Security is an essential part of Hadoop infrastructure in any organization. Let’s look at some of the key or need-to-have components in ensuring that infrastructure is secured from external compromises.

The key aspects of security are authentication, authorization and encryption. We will look at ways to implement all three in the content of Hadoop clusters – be it on the cloud or on-prem.

hadoopServices

Network Level Security (Apache Knox):

Apache Knox is used to secure the perimeter of hadoop clusters to access data and to execute jobs. Knox can be deployed as clusters of Knox nodes, which acts as single access point and routes requests to the Hadoop rest and HTTP APIs and Provides SSO (single sign on) for multiple UIs. Knox supports LDAP, Active Directory as well as kerberos authentication.

The most prevalent and popular way to provide secure authentication to Hadoop clusters is by the use of Kerberos, which requires client-side configuration and packages.

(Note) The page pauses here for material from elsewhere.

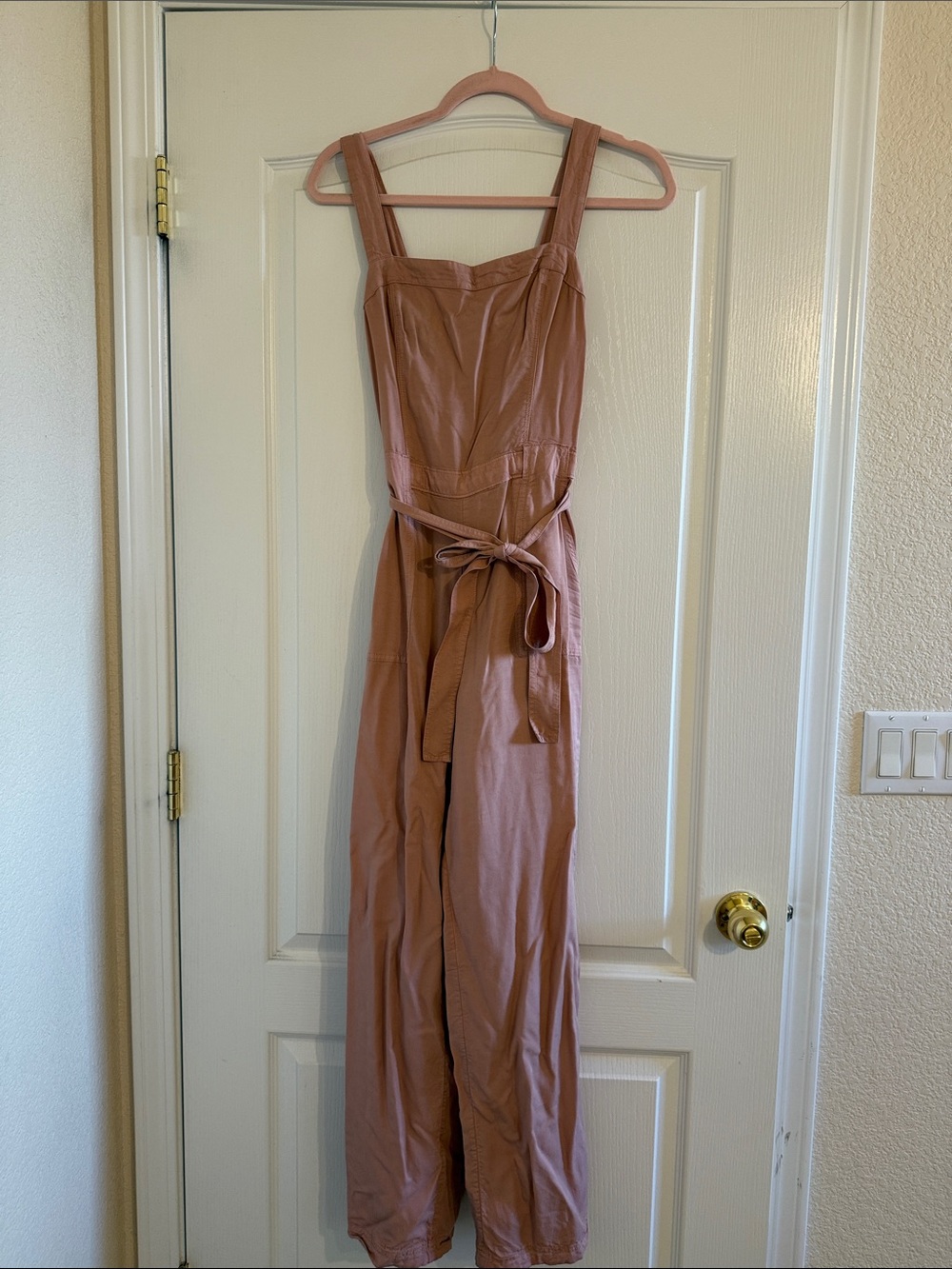 Hollister Mauve Sleeveless Wide-Leg Jumpsuit with Tie Waist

Apache Knox eliminates the requirement for such client-side library and complex configurations.

We can create different topologies, where we can provide for actual hosts and ports to run service components by integrating LDAP/Kerberos authentication.

Example to access HDFS data:

Make directory:
curl -ik -u knox_username -X PUT ‘https://knoxhost:8443/gateway/topology_name/webhdfs/v1/user/hdfs/input?op=MKDIRS’

HTTP/1.1 200 OK

Date: Fri, 01 Sep 2017 09:10:41 GMT

Set-Cookie: JSESSIONID=k9klsdy2yyeg1engj31y5djh8;Path=/gateway/test;Secure;HttpOnly
Expires: Thu, 01 Jan 1970 00:00:00 GMT

Set-Cookie: rememberMe=deleteMe; Path=/gateway/test; Max-Age=0; Expires=Thu, 31-Aug-2017 09:10:41 GMT

Cache-Control: no-cache

Expires: Fri, 01 Sep 2017 09:10:41 GMT

Date: Fri, 01 Sep 2017 09:10:41 GMT

Pragma: no-cache

Expires: Fri, 01 Sep 2017 09:10:41 GMT

Date: Fri, 01 Sep 2017 09:10:41 GMT

Pragma: no-cache

Content-Type: application/json; charset=UTF-8

X-FRAME-OPTIONS: SAMEORIGIN

Server: Jetty(6.1.26.hwx)

Content-Length: 16

Above command will create input directory in /user/hdfs location

Example to access hive table using beeline
beeline> !connect
jdbc:hive2://knoxhost:8443/;ssl=true;sslTrustStore=/opt/jdk1.8.0_144/jre/lib/security/cacerts;trustStorePassword=changeit?hive.server2.transport.mode=http;hive.server2.thrift.http.path=gateway/test/hive

Connecting to jdbc:hive2://knoxhost:8443/;ssl=true;sslTrustStore=/opt/jdk1.8.0_144/jre/lib/security/cacerts;trustStorePassword=changeit?hive.server2.transport.mode=http;hive.server2.thrift.http.path=gateway/test/hive

Enter username for jdbc:hive2://knoxhost:8443/;ssl=true;sslTrustStore=/opt/jdk1.8.0_144/jre/lib/security/cacerts;trustStorePassword=changeit?hive.server2.transport.mode=http;hive.server2.thrift.http.path=gateway/test/hive: knox_user

Enter password for jdbc:hive2://knoxhost:8443/;ssl=true;sslTrustStore=/opt/jdk1.8.0_144/jre/lib/security/cacerts;trustStorePassword=changeit?hive.server2.transport.mode=http;hive.server2.thrift.http.path=gateway/test/hive: **********

log4j:WARN No appenders could be found for logger (org.apache.hive.jdbc.Utils).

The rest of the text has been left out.